Outreach Storytime: Pets

My turn to choose the theme at our grocery store storytime! I went with Pets since I really wanted to re-use my new flannelboard for My Bus.

The Plan

Books

Caring for Your Lion by Tammi Sauer*
My Bus by Byron Barton*
Stack the Cats by Susie Ghahremani*
This Book Just Ate My Dog! by Richard Byrne
What Pet to Get? by Emma Dodd*

Extension Activities

Flannelboard: “Dear Zoo”*

Flannelboard: “My Bus”*

Puppet & Song: “The Goldfish”*

Puppet: “I Have a Little Turtle”*
I have a little turtle (put hands on top of one another)
He lives in a box (make box)
He swims in a puddle (swimming motion)
He climbs on the rocks (climbing motion)
He snapped at a mosquito (clap)
He snapped at a flea (clap)
He snapped at a minnow (clap)
And he snapped at me (clap)
He caught the mosquito (cup hands together)
He caught the flea (cup hands together)
He caught the minnow (cup hands together)
But he didn’t catch me! (shake finger “no”)
Credit: Childhood

How It Went

This was such a fun storytime! I did My Bus with the flannelboard and the kids loved being able to play the part of a dog or cat to board the bus. (To accommodate larger groups, I double or triple the amount of animals in the story. A bit of math, but it’s manageable.) Our most successful book was What Pet to Get? by Emma Dodd. The kids really enjoyed imagining different kinds of pets and I think the grown-ups appreciated the spot of humor at the end.

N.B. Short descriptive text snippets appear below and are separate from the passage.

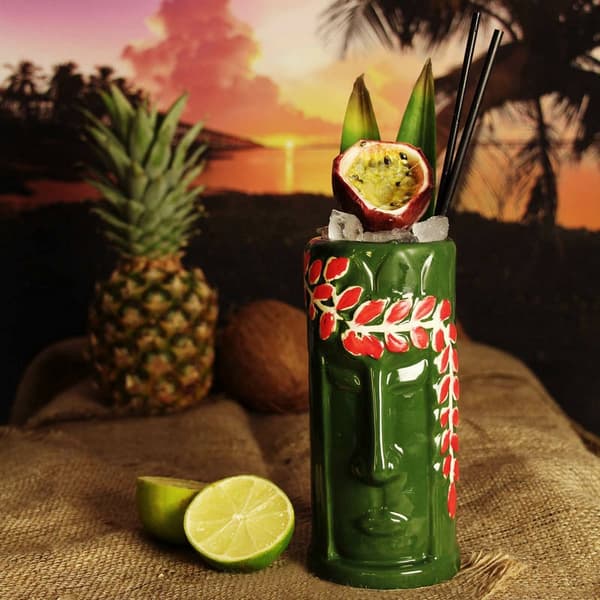 Tiki Lei 56 cl Grön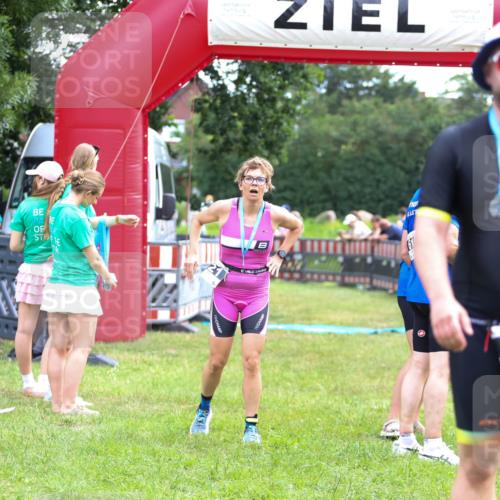 21.06.2026 - 29. Vierlanden-Triathlon Andreas Tolksdorf http://msf.ph/oto/9914682 21.06.2026 11:27:41 Ziel 396 meine-sportfotos.de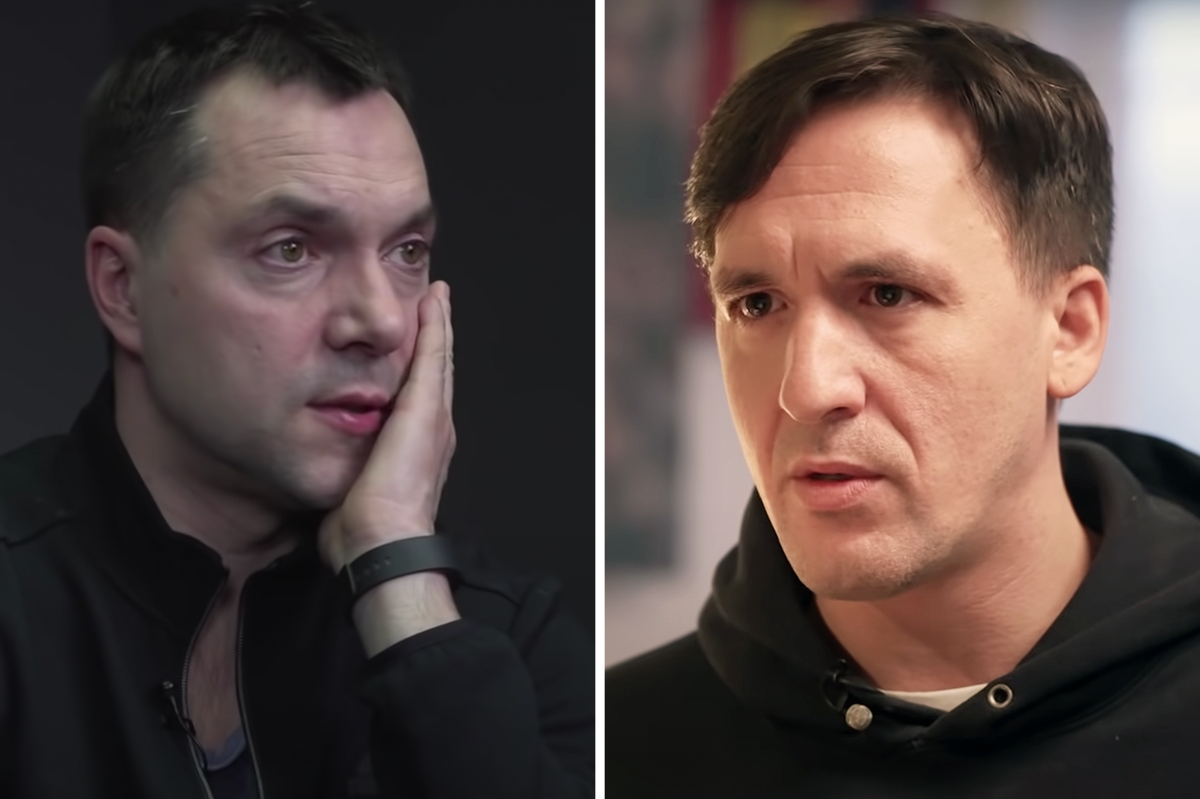 Арестовича и Смольянинова* включили в перечень террористов и экстремистов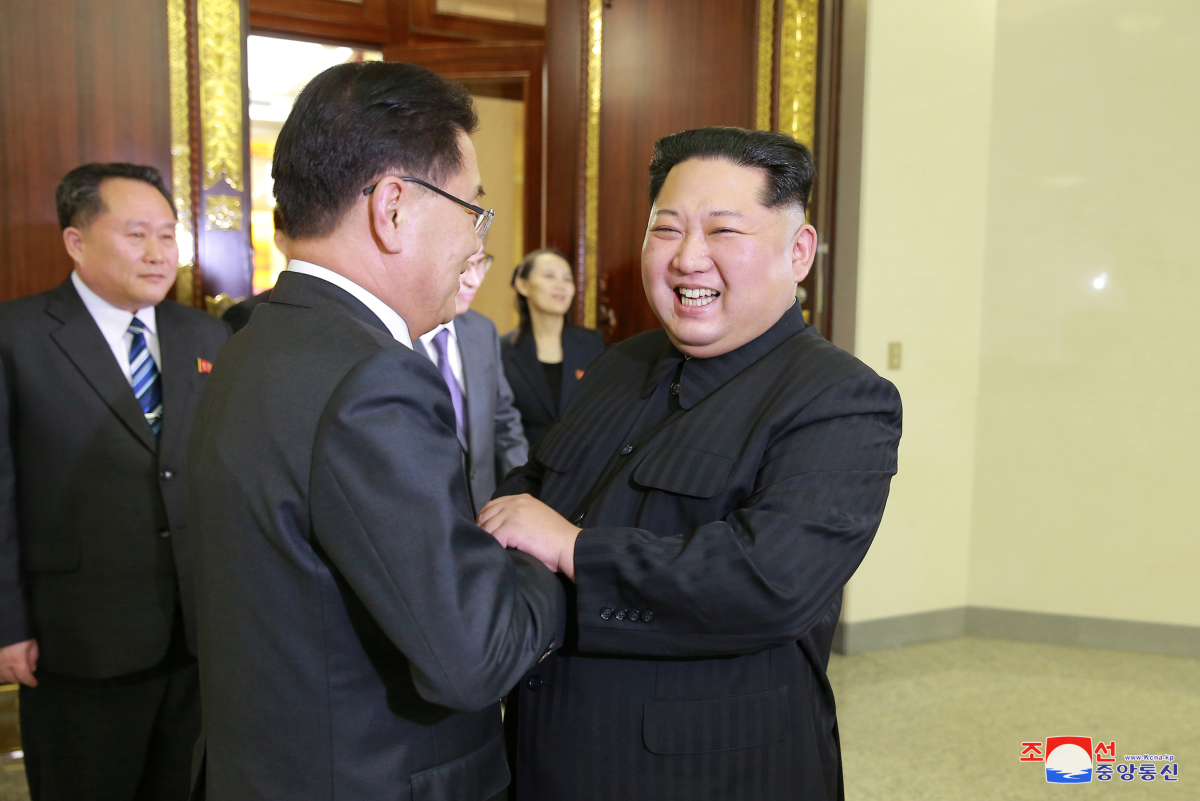 Kim Čong-un víta juhokórejskú delegáciu
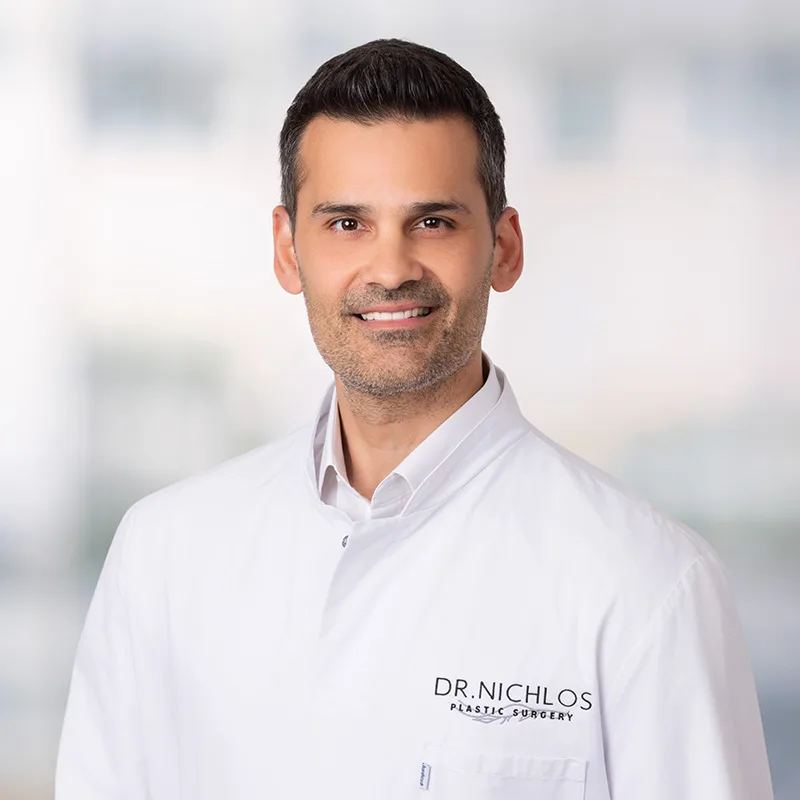 Porträt von Dr. Emmanouil Nichlos, Facharzt für plastische Chirurgie, Frankfurt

I did have a storytime blunder today and completely miss-rhymed during “I Have a Little Turtle”. I’m not sure where my mind was! I think my favorite part of storytime was swimming along to Laurie Berkner’s “The Goldfish” song in the grocery store though. I highly recommend it!

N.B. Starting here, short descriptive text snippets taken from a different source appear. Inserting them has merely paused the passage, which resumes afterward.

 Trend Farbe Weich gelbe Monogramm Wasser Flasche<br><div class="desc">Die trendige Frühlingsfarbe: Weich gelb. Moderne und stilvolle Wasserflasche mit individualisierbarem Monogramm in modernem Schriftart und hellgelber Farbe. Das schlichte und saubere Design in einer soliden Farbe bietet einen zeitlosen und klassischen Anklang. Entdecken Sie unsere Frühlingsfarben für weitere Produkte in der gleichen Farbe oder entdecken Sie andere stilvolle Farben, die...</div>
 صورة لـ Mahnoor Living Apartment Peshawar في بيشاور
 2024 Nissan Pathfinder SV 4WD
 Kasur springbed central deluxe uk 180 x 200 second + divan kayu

Outreach Storytime: Interactive Stories

I was so happy when one of my preschools asked for “Interactive Stories” as a theme because there are SO MANY good books that invite audience participation and movement!

The Plan

Books

Hop, Hop, Jump! by Lauren Thompson****
The Mixed-Up Truck by Stephen Savage**
Play This Book by Jessica Young*
Shake the Tree! by Chiara Vignocchi****
Ten in the Bed by Jane Cabrera***

Extension Activities

Flannelboard: “Going on a Bear Hunt”****

Flannelboard: “Red Crane, Red Crane”**

Prop Sticks: “Green Says Go”***

Prop: Song Cube****

How It Went

Preschool 1 (four classrooms)
I got to read in this preschool’s library! Each classroom had their own storytime. Both The Mixed-Up Truck and Shake the Tree! worked well in every classroom. Hop, Hop, Jump got one class too riled up and their teachers had to redirect them a few times to make sure they gave their classmates enough space. The “Going on a Bear Hunt” flannelboard continues to be a massive success when paired with a hidden bear puppet. I actually didn’t use any rhymes or songs on their own, other than my opening/closing routines since the kids were up and moving the entire storytime. I would definitely repeat this theme again!

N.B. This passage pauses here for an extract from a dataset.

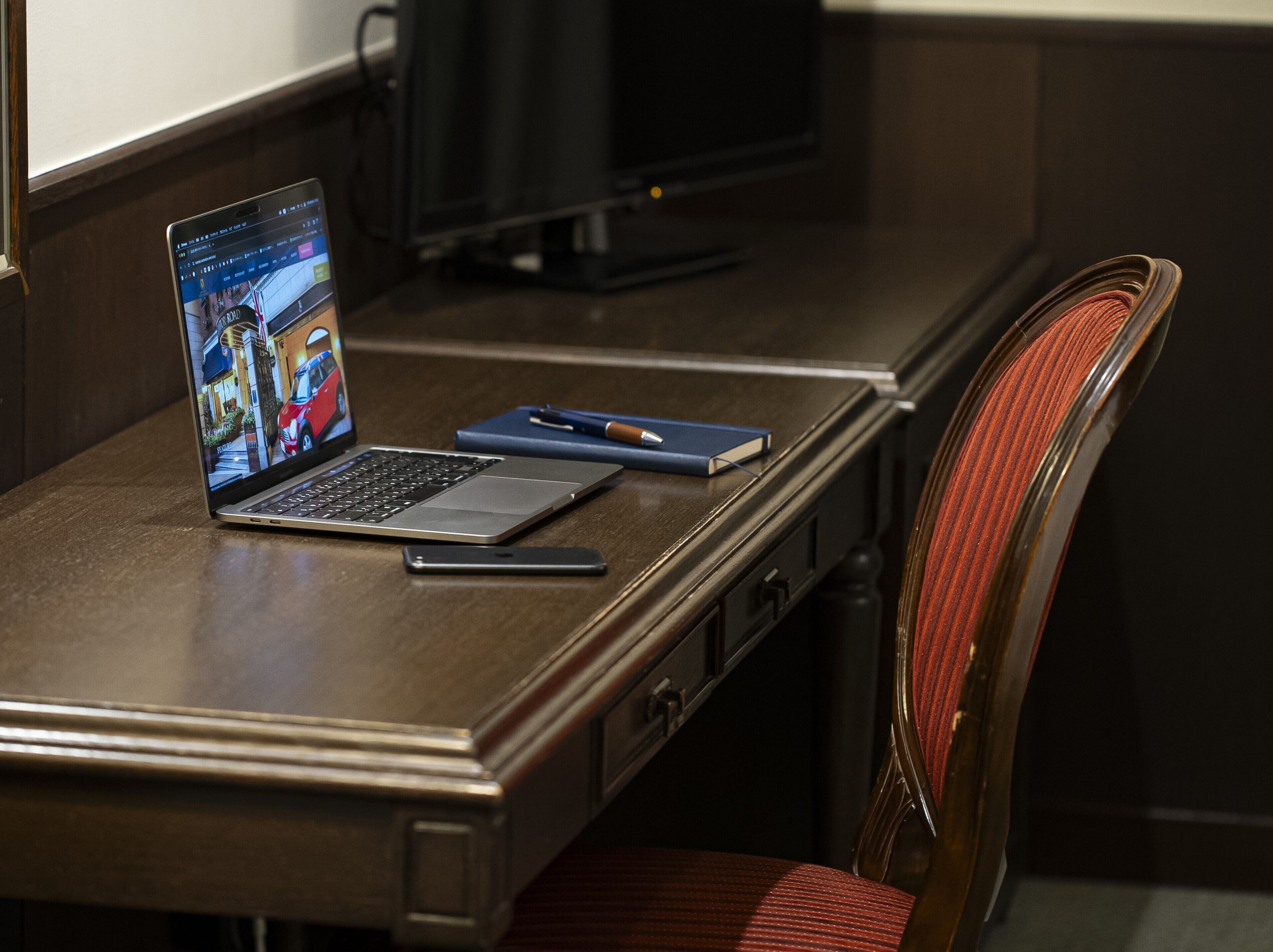 in-room safe, desk, laptop workspace, blackout curtains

Outreach Storytime: Spring

As it was seasonally appropriate, so many of my preschools and centers requested a “spring” theme. Needless to say, while this is a great storytime plan that worked well for every group that I visited, I’m very glad to put it away for the year.

The Plan

Books

Butterfly, Butterfly by Petr Horacek********
Plant the Tiny Seed by Christie Matheson*******
Splish, Splash Ducky! by Lucy Cousins******
When Spring Comes by Kevin Henkes****
Wow! Said the Owl by Tim Hopgood******

Extension Activities

Flannelboard: “Five Little Ducks”*******

Flannelboard: “Planting a Rainbow”****

Folder Story: “Old MacRainbow’s Flower Garden” (found at Fun With Friends at Storytime)****

Puppet: Flutter, Flutter Butterfly********
Flutter, flutter butterfly,
Floating in the spring sky
Floating by for all to see,
Floating by so merrily
Flutter, flutter butterfly,
Floating in the spring sky
Credit: Best Kids Book Site (site is down)

ASL: “Butterfly”********

Fingerplay: “Here is the Beehive”********
Here is the beehive. (hold up fist)
Where are the bees? (shrug)
Hidden away where nobody sees. (move other hand around fist)
Watch and you’ll see them come out of the hive (bend head close to fist)
One, two, three, four, five. (hold fingers up one at a time)
Bzzzzzzzz! (wave fingers)
Credit: Co-worker at old library

How It Went

Preschool 1: four classrooms
At this preschool, I presented in one of the larger classrooms and different groups rotated to storytime. This preschool was enamored with Wow! Said the Owl and did the best job of remembering our secret code to say “WOW!” together. (I wave my hand at the group instead of pointing.) As always, Butterfly, Butterfly is a sure-fire win due to the pop-up page at the end. And it worked so well with our ASL sign!

Preschool 2: two classrooms
My friends at this school remained in their classrooms and I traveled. Since it was only two storytimes and their classrooms were right next to each other, it worked out. This group really responded to the planting element of spring. Their favorite activities were definitely the “Planting a Rainbow” flannelboard and the folder story. I really appreciated the teachers in this group because they carefully wrote down each book and I could tell that they were just as engaged in the storytime as the kids were.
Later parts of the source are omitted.